:: Crawled caption data ::

=======

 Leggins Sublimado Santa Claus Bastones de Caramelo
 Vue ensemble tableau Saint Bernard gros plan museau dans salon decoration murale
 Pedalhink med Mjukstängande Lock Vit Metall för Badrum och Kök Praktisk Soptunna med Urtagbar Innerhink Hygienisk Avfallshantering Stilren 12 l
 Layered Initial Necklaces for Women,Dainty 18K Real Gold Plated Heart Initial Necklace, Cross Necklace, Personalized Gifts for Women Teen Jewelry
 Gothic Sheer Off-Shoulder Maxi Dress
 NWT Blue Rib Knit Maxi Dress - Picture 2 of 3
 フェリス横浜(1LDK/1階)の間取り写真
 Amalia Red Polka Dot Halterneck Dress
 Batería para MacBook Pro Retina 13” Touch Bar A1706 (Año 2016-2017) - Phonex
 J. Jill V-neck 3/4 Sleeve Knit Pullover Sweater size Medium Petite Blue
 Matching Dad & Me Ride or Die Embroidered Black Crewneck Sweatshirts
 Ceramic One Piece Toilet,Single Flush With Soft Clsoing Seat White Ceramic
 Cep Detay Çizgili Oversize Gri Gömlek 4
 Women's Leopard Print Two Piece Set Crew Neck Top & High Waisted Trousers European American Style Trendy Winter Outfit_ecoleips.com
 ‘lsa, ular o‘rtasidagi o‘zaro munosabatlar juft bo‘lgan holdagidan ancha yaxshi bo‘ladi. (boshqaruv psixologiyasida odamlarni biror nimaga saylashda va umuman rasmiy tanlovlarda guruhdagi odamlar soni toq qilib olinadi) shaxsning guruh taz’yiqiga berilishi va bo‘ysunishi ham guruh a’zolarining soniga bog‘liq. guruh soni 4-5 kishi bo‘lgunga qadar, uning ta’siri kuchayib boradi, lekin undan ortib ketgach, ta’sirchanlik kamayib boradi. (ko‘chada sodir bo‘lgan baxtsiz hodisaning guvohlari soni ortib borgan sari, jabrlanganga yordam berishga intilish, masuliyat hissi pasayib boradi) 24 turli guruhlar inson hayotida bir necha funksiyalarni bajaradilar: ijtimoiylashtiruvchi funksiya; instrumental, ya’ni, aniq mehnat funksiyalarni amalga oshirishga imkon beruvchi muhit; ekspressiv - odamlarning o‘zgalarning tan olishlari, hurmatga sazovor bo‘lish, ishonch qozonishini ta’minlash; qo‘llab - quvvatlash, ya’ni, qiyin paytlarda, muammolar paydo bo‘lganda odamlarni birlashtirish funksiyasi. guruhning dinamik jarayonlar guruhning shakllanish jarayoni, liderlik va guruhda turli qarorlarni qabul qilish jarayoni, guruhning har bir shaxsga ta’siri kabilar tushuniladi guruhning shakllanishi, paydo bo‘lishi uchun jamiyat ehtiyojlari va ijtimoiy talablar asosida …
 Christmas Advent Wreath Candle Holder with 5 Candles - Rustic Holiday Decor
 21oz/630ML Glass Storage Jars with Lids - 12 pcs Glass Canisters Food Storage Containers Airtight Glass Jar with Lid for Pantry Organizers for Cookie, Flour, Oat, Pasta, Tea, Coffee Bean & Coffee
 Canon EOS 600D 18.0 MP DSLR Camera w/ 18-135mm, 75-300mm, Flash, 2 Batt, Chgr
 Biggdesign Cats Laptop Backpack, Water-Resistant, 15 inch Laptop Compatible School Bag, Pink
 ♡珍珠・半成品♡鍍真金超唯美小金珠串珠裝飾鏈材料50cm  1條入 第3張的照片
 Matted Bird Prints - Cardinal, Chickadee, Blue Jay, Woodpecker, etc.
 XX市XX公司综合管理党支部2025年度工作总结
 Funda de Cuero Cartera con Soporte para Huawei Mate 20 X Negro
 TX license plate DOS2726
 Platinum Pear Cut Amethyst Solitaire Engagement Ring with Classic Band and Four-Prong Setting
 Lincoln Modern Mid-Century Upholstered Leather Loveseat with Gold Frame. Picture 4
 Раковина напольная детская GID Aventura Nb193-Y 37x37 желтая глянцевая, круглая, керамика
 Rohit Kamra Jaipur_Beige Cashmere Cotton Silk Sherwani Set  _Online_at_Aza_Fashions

=======

:: Goal of the exercise ::
Work out how many lines in the entries above include the word "Dress". Respond with only the number.

:: Response area ::
3